A lot of times, this doesn't come off as anything but annoying. He tries to be funny, and the only one laughing is him and sometimes the people who are fans of his most. If he levies an insult at you, you're supposed to take it to heart, but nothing you can say to him will make him think of you as anything but a mere annoyance, someone that he'll defeat in the ring. He always has to be portrayed as the smartest, the funniest, the toughest, the bravest, the strongest, the coolest... hell, any positive adjective you can describe, and that's what Trips seems to have to be portrayed as. As I said in Instant Feedback Monday, it's like he has this pathological desire to have all his attributes maxed out at 99 at all times. Is it ego? Is it bad writing? I don't know, but what I do know is it plays off terribly most of the time.

Look at the final segment to RAW Monday. Everyone did their part to make it pop except for one guy. CM Punk held the crowd in his hand. John Cena served as a great counterweight. John Laurinitis' big ol' melon head was the perfect thing for Punk to kick. Then there was Trips, whom every time he interjected into the fray seemed to be out of place, changing the tone to one that didn't fit. I'm not alone in this either, as chatter from message boards, Twitter and from B-Stroud at With Leather all noticed the same thing. And it's nothing new.

Sad thing is, he didn't always come off like this. There were times when he actually showed vulnerability, and it enhanced his story. This well of goodwill dried up mostly in 2001, but at the same time, when he sold for guys outside the ring as well as inside of it, it made for a much more interesting ride towards the match.
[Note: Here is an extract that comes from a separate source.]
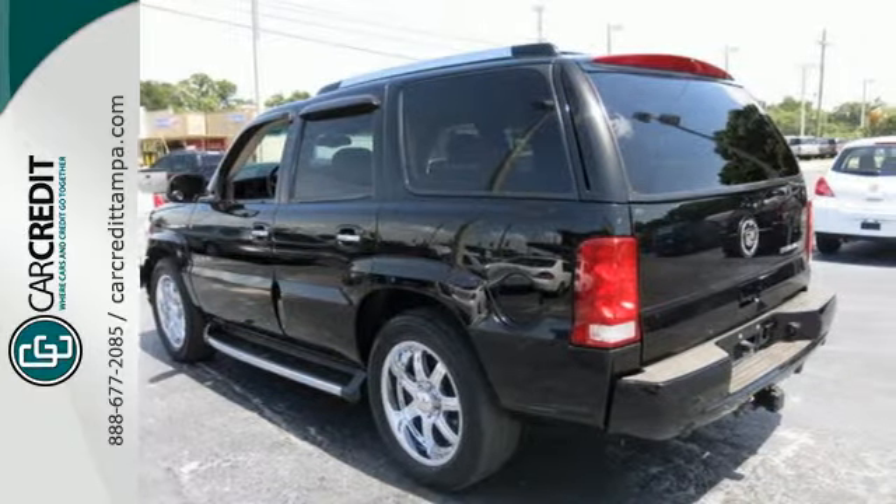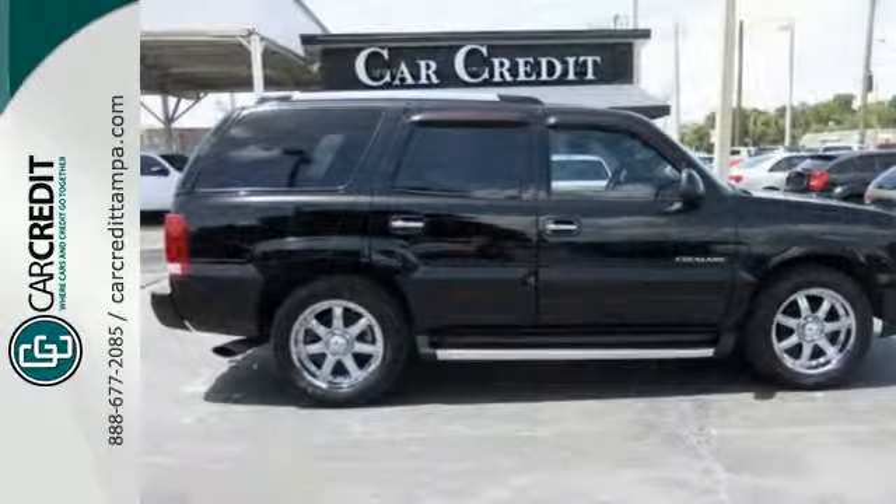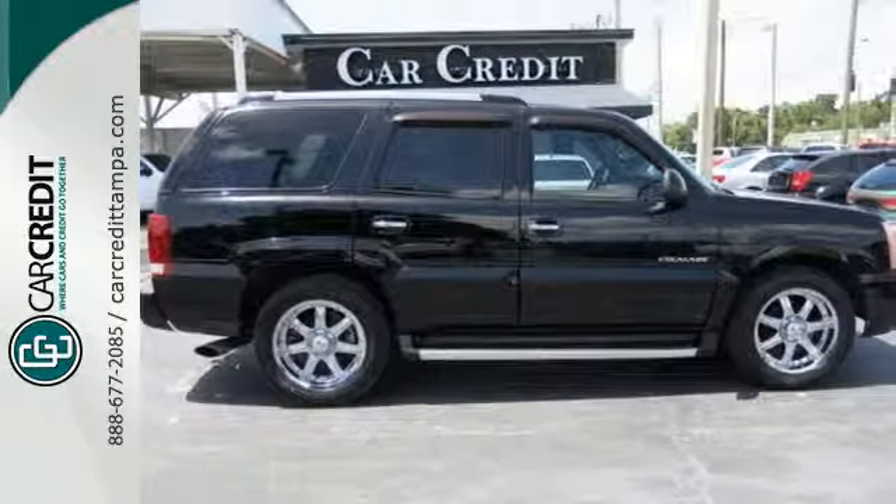With its bold style, powerful performance, incredible handling and plush interior, the Escalade is the leader in its class. Take it for a test drive today.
I mean, did anyone think that if Trips went "Pffft, nbd" at everything Batista did and said leading up to their WrestleMania 21 match that it would have been as much of a moment? No.
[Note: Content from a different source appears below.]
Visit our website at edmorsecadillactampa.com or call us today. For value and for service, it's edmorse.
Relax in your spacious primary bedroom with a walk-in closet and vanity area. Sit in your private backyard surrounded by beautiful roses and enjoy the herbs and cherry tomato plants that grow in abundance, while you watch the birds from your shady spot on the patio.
That's the thing, being a no-selling creep doesn't make for interesting storytelling for most. It makes things boring. When you have guys showing vulnerability, it usually reveals character, and character makes a story work, especially if the endgame of that chapter is having the guy who would be otherwise invulnerable winning.

So yeah, even if you discount the backstage stuff, and as people who aren't backstage or in the company and who don't know exactly what went down (don't kid yourselves, my guess is a bunch of dirtsheet writers don't exactly know either), there are a lot of reasons why Triple H is perhaps the most annoying and boring wrestler in the last 10 years. This is definitely a hurdle that folks like me have to enjoying him now, regardless of how many people he puts over or helps enhance.